"""

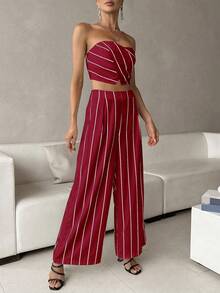 SHEIN Privé In sọc Ống ngọn & Quần ống rộng - Đỏ - Xem 4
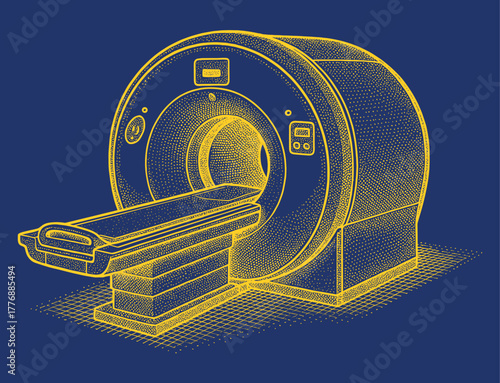 Second MRI illustration — yellow halftone line art on dark blue background.
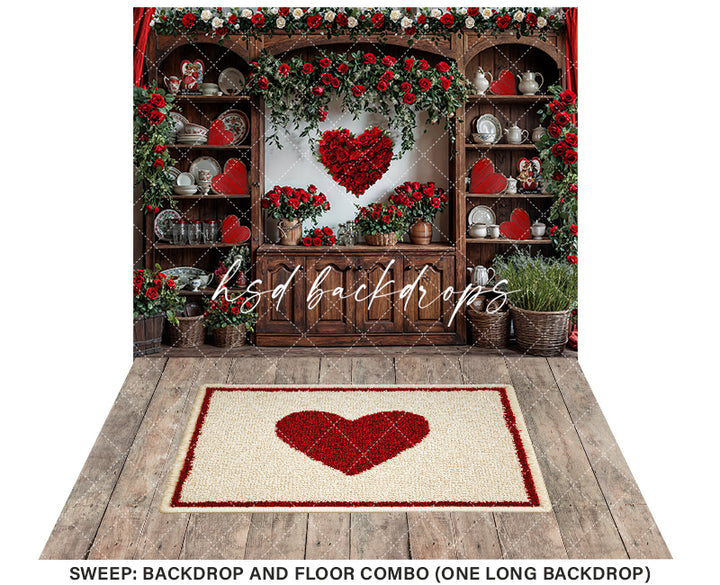 Valentine's Day Kitchen Hutch (sweep options) - HSD Photography Backdrops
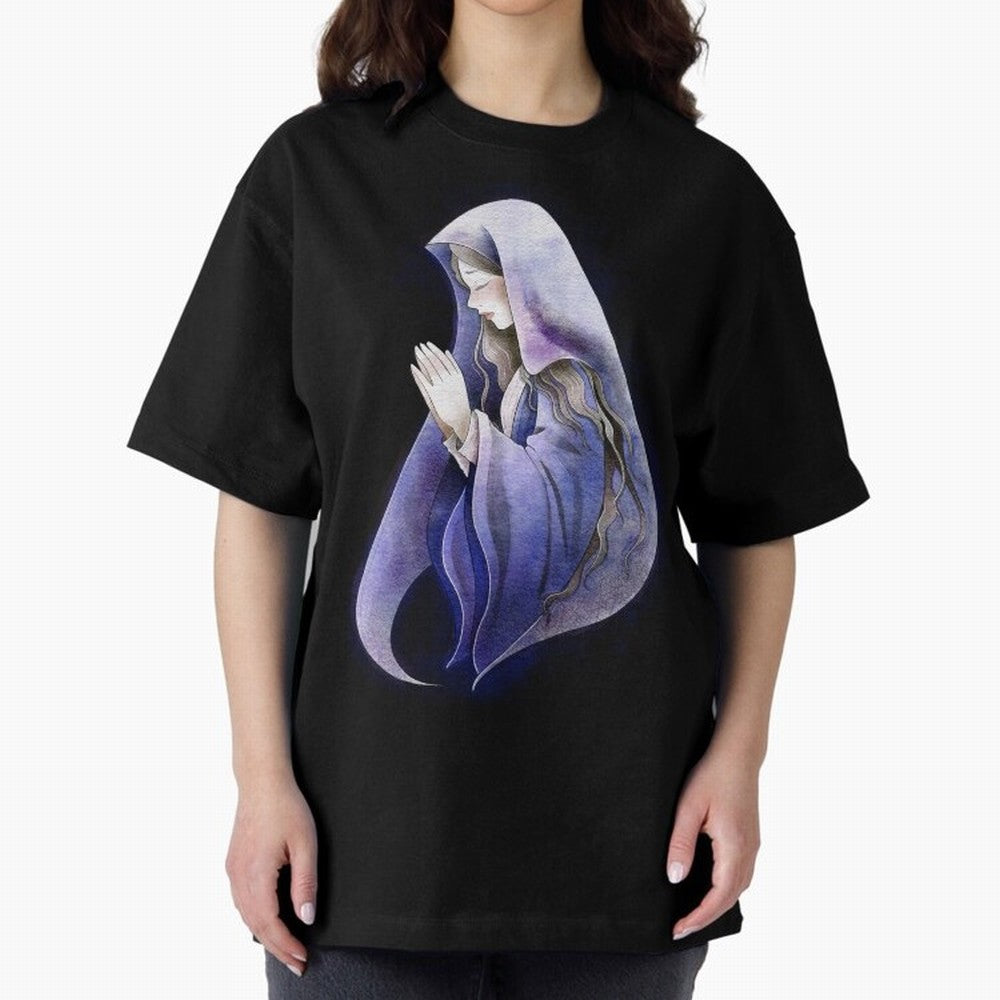 Holy Mary, Mother of God Oversized T-Shirt Make Game Day About Global Football Passion for FIFA World Cup 2026, Centered on Messi, CR7 and Mbappe, Argentina, France and Brazil, Championship Spirit, Famous Goals, Roaring Crowds and International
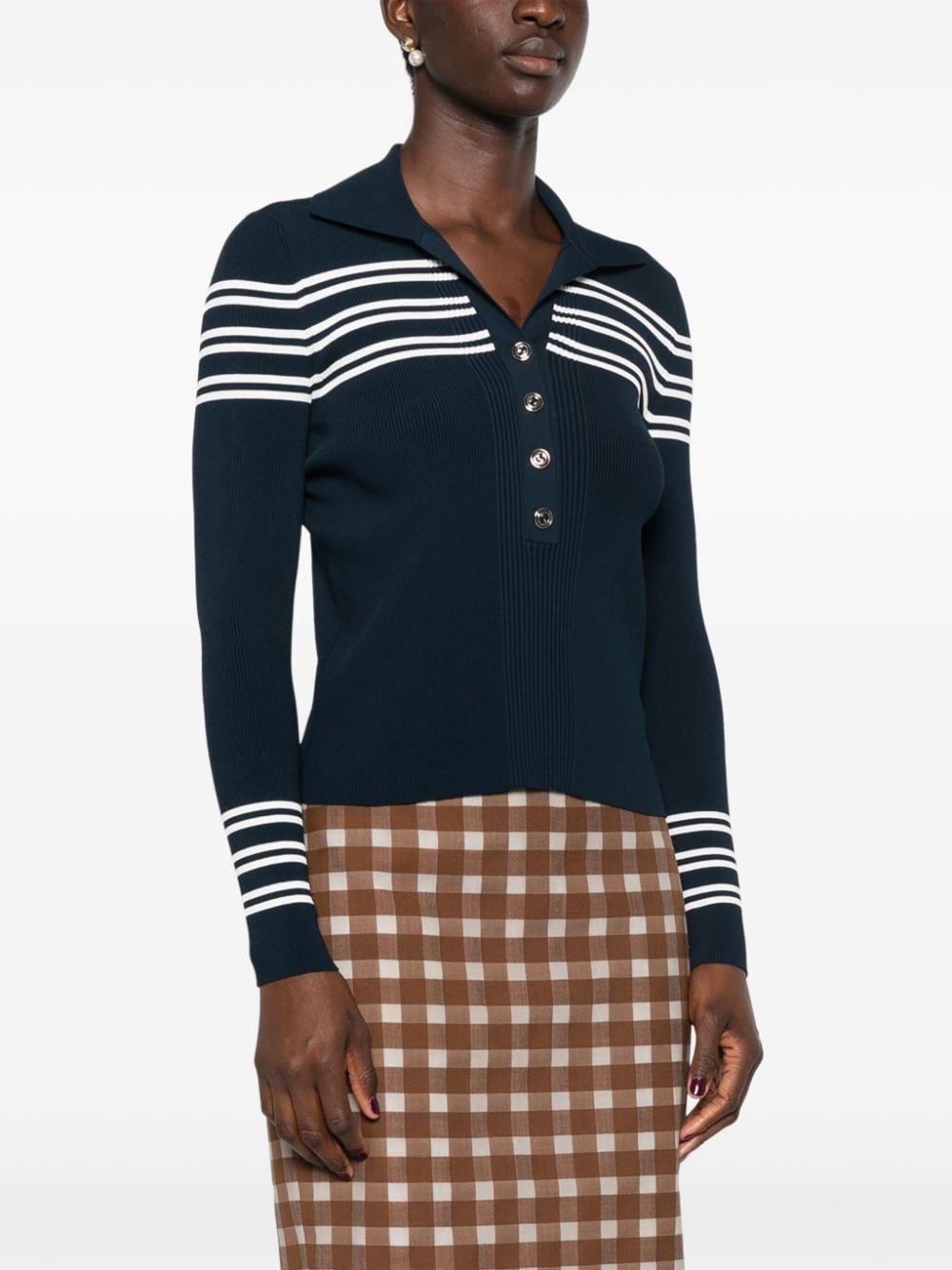 striped ribbed-knit polo top - 3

"""

> **WHAT TO WORK ON**
Skip the pictures and print exactly the lines from the one containing "Holy Mary, Mother" through the end of the records above.

> **ANSWER AREA**
 Holy Mary, Mother of God Oversized T-Shirt Make Game Day About Global Football Passion for FIFA World Cup 2026, Centered on Messi, CR7 and Mbappe, Argentina, France and Brazil, Championship Spirit, Famous Goals, Roaring Crowds and International
 striped ribbed-knit polo top - 3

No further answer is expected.